Moreover, the use of a gelling agent has also been found to provide advantages when smooth non-porous substances are used as a medium. Coagulation of ink drops printed in each other""s vicinity has been found to be greatly suppressed. This phenomenon is probably also related to the reduced mobility of gelled ink drops.
A concomitant advantage of an ink composition occurs when the ink is used for multi-layer prints, as is conventional with four-color printing. Ideally, a following drop is printed on a preceding drop when the preceding drop has not yet completely solidified. This results in good adhesion and color mixing. This means that inks are preferably selected which remain fluid on a substrate for a fairly long time. However, if ink drops remain fluid too long, unwanted running occurs, so that printed images become unsharp. By using an ink composition according to the present invention it is possible to prevent unwanted running of an ink drop that has not yet set, and yet good adhesion occurs with a following ink drop. Thus, a gelled ink drop behaves like a fluid ink drop in so far as adhesion and color mixing is concerned, but does not suffer from adverse feathering.
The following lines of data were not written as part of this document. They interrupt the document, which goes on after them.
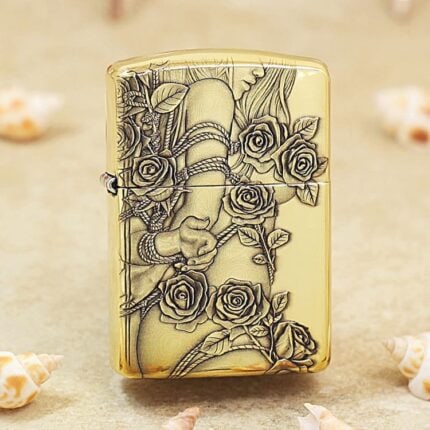 Polished brass Zippo Armor lighter with a stylized lady figure framed by engraved roses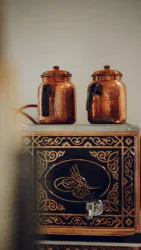 Zwei kupferne Kaffeekannen stehen auf einer kunstvoll verzierten Box. Die Kannen haben einen klassischen, traditionellen Stil.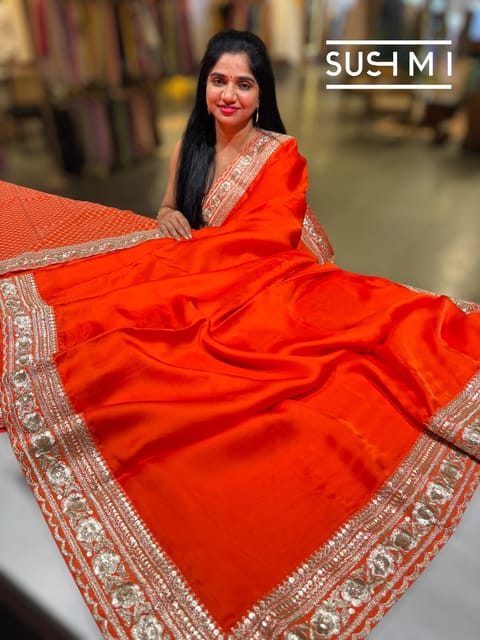 Fanta Orange Satin Saree with Statement Borders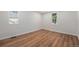 Bright bedroom featuring new floors, white trim, and neutral paint at 1089 S Osceola St, Denver, CO 80219
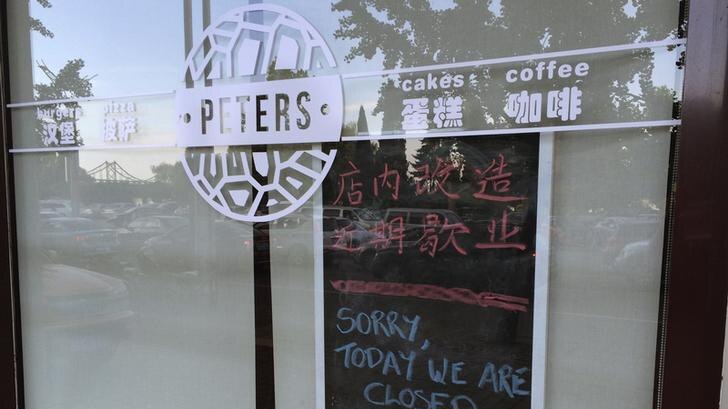 Julia and Kevin Garratt owned coffee shop in China with sorry we are closed sign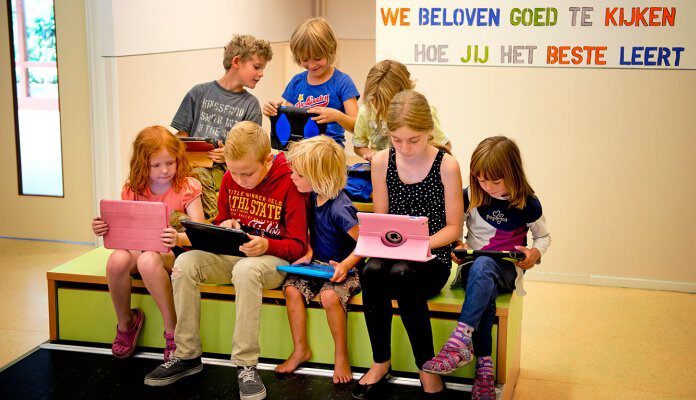 Kinderen bekijken hun ipads. Op de muur staat de tekst: 'We beloven goed te kijken hoe jij het beste leert.'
Finally, it has been found that an ink composition according to the present invention is very suitable for a printing device provided with an after-treatment device, particularly when the after-treatment is combined with heat transfer to the ink drops: what is known as thermal after-treatment. If printed layers of known inks are after-treated in order to give the ink drops better interaction with the paper, e.g. to obtain better gumming, scratching and folding resistance, or in order to improve the uniformity of the printed image, for example to provide a more uniform gloss, this quickly results in unwanted running of the ink because the ink frequently has to be heated to above its melting point and thus, because of the lower viscosity, can enter the paper uncontrollably. When an ink composition according to the invention is used in combination with an after-treatment device, the temperature of the ink drops being increased so that they pass over from the solid state to a gelled state, it has been found that the gumming, scratch and folding resistance of the treated substrates increases greatly without accompanying uncontrolled running of the ink. Thus, a gelled ink drop has sufficient fluid properties in order to migrate into a substrate further, but the cohesion in the ink drop is so great that uncontrolled running of the ink drop is prevented.